**Assigned task:**
Below is a listing. Return the lines from the one that contains "Баскетболни кецове" to the one that contains "Kanye West sa svojom djecom", both ends included, verbatim and with no pictures.
*** Data for this task
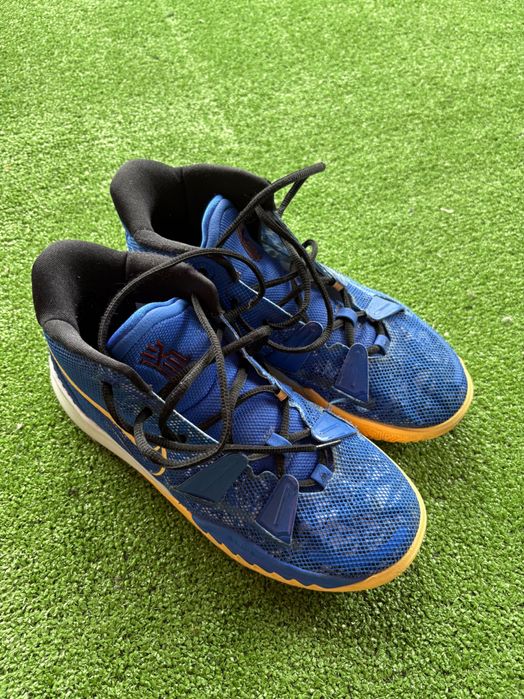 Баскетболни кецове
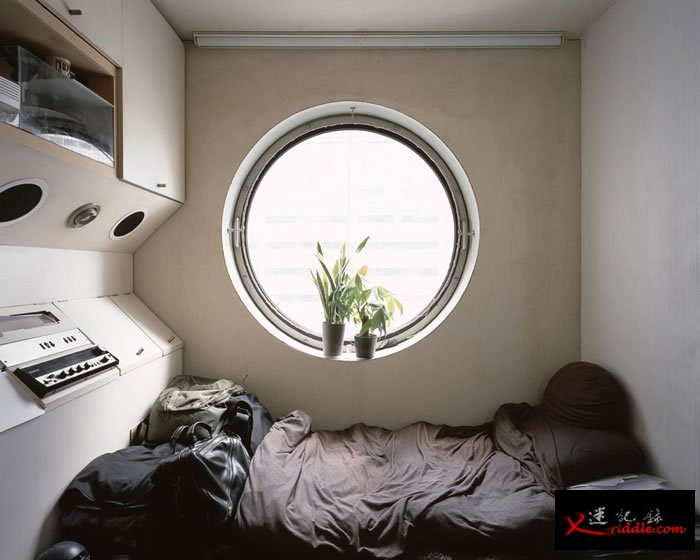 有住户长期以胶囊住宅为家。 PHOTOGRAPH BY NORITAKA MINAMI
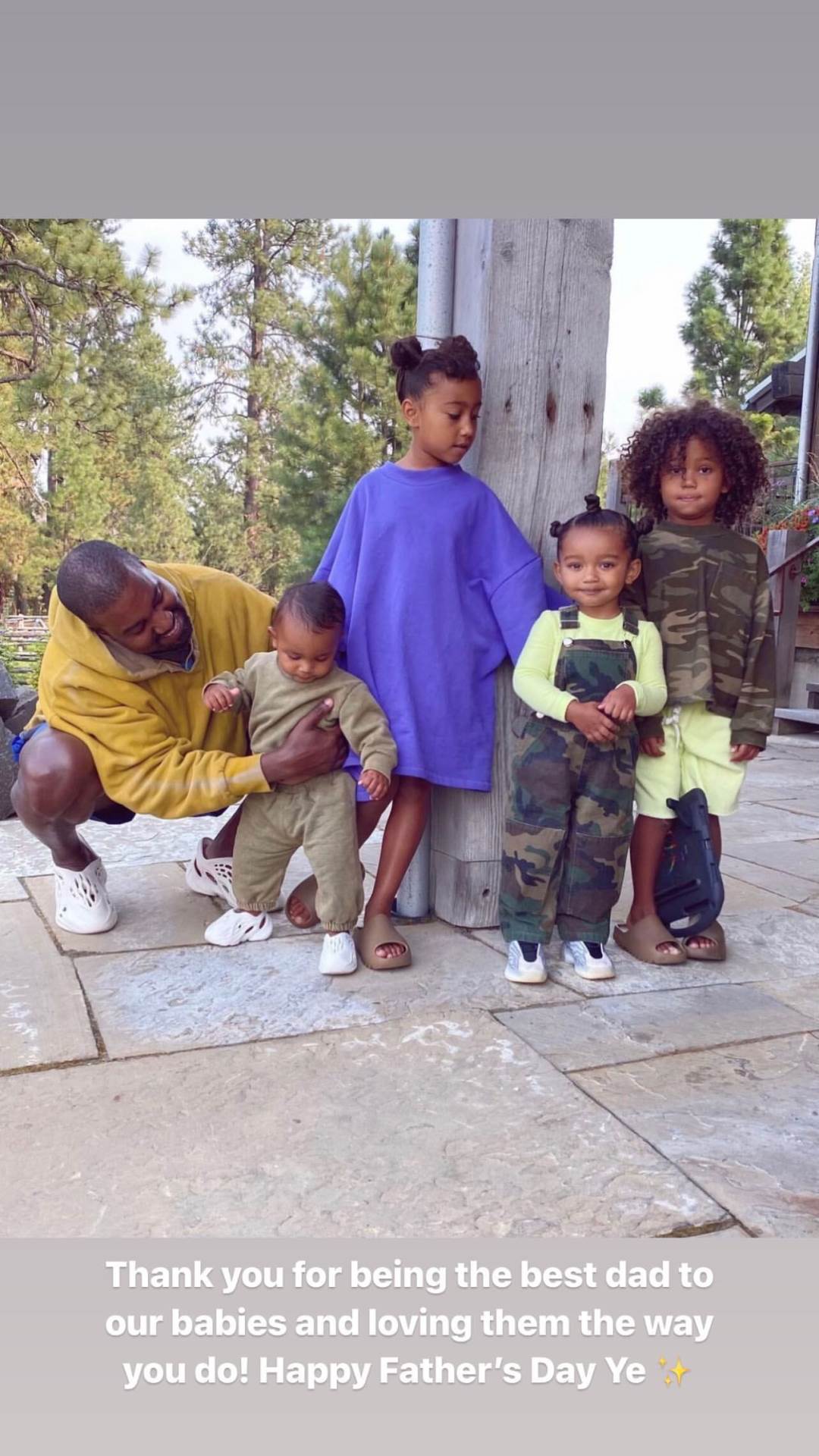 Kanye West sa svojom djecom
******
*** Data for this task
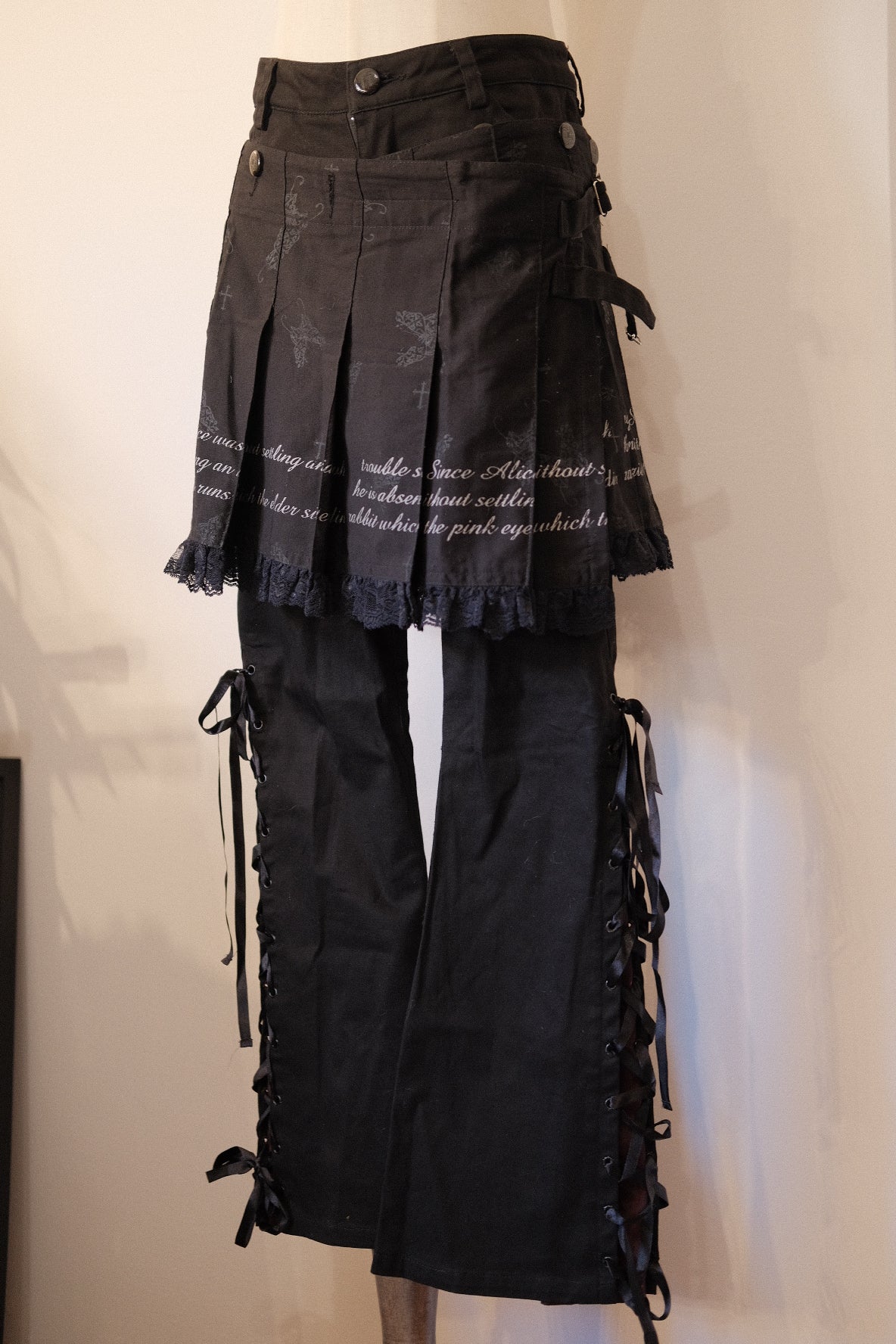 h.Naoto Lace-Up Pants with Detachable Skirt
******
**Task answer:**
 Баскетболни кецове
 有住户长期以胶囊住宅为家。 PHOTOGRAPH BY NORITAKA MINAMI
 Kanye West sa svojom djecom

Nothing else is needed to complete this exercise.